10: Avoid accumulating funds that could be used for current program activities. To meet this standard, the charitys unrestricted net assets available for use should not be more than three times the size of the past years expenses or three times the size of the current years budget, whichever is higher.
Shriners does not meet this standard because according to its 2003 audited financial statements, total unrestricted net assets (after excluding $757,707,000 of land, buildings and equipment) are $6,266,520,000. This amount is greater than 11 times the total expenses ($535,834,000) for 2003. As a result, Shriners does not meet this standard.

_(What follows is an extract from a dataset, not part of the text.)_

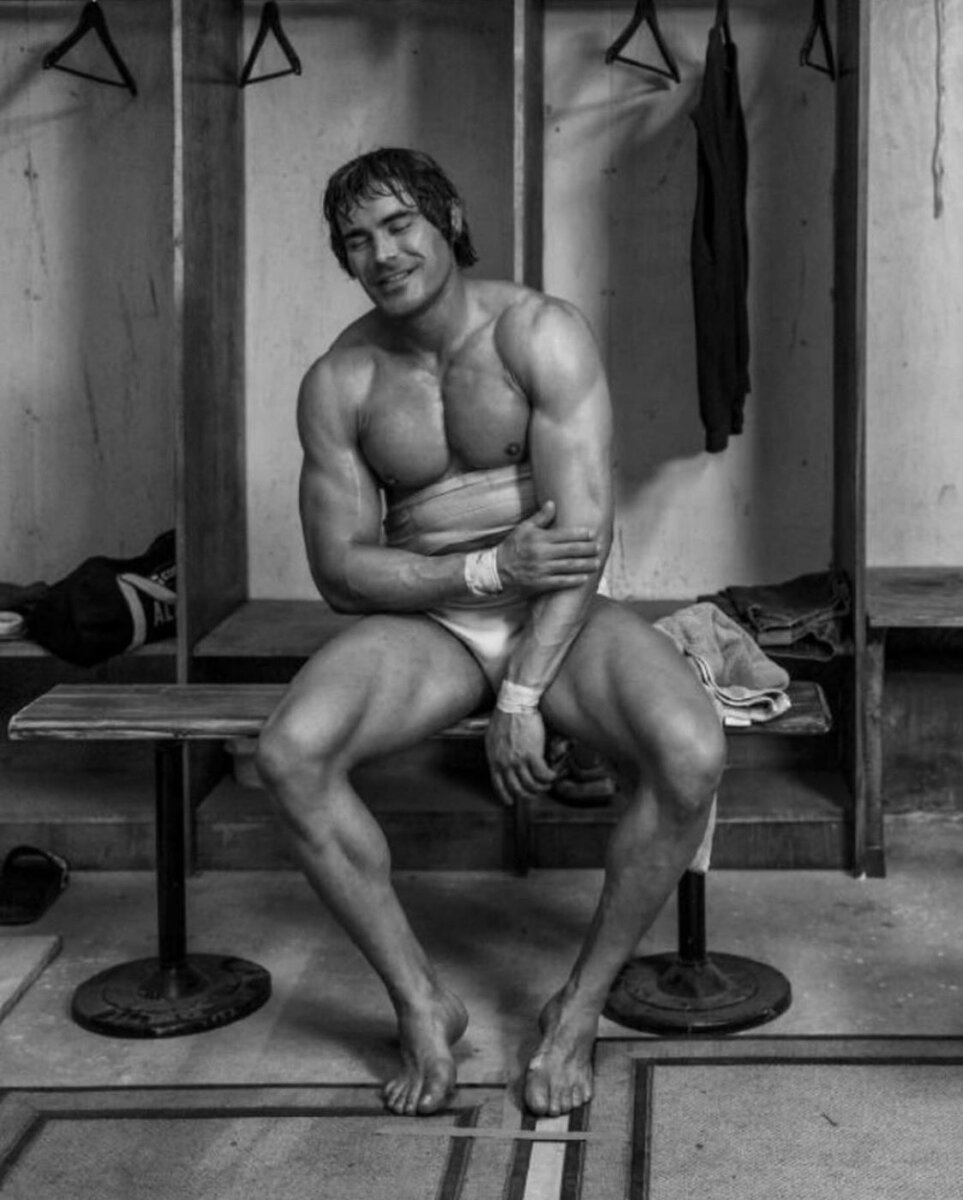Zac Efron causa polémica por exagerado cambio en su cuerpo 1 Zac Efron causa polémica por exagerado cambio en su cuerpo Luego de sus primeras apariciones en el cine, Zac Efron no ha pasado desapercibido y en múltiples ocasiones ha sido víctima de señalamientos por su aspecto físico. Las críticas han llegado por estar muy ejercitado y otras veces por un supuesto descuido.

Charity Response: In response to the above evaluation conclusion, Shriners stated, in part, that: "Because Shriners Hospitals for Children do not charge their patients for services, nor do they accept payment from insurance companies nor governmental agencies, they believe that continued growth of their (board designated) endowment fund is the only assurance of continuing support for the programs. The Hospitals, at their 22 separate locations, employ over 6,000 employees who are for the most part highly trained health care professionals. Shriners Hospitals for Children must maintain financial stability and must provide the resources necessary to keep their physical plants and medical equipment up to date in order to render the best patient services. Shriners Hospitals for Children's major source of income is from bequests, the timing of which cannot be predicted. The organization cannot maintain its level of support and growth if it budgets its operation and capital expenditures based upon contributions in a given year or period. If the organization is to continue its programs or expand services to meet the future needs of its potential patient population, those purposes must be assured through the continued growth of the (board designated) endowment fund, which will provide the revenues necessary to support the hospitals."

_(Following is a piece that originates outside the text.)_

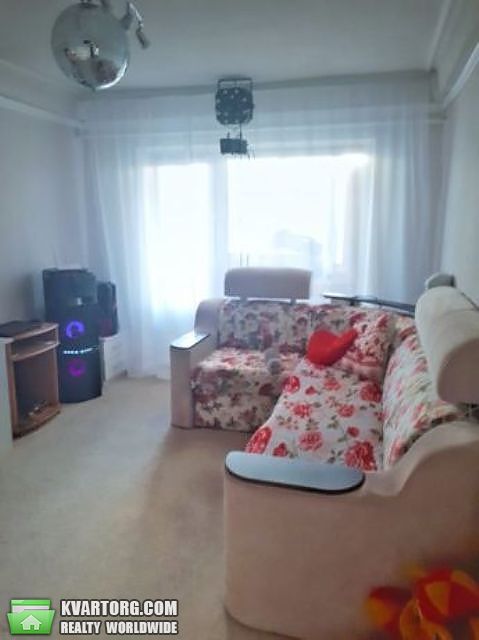 Sell 2-room apartment. Киев,  Воссоединения пр — photo 1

Shriners Hospitals for Children meets the remaining 15 Standards for Charity Accountability. Please note that as of the date of this report 4 out of the 20 Standards for Charity Accountability are not currently effective. As a result, these 4 Standards have not been applied in this evaluation. For additional information, please see the Implementation Guide to the Standards available on the www.give.org website.
Direct mail, grant proposals, planned giving, print advertisements, membership, special events, and Internet appeals Fund raising costs were 6% of related contributions. (Related contributions, which totaled $286,445,000, are donations received as a result of fund raising activities.)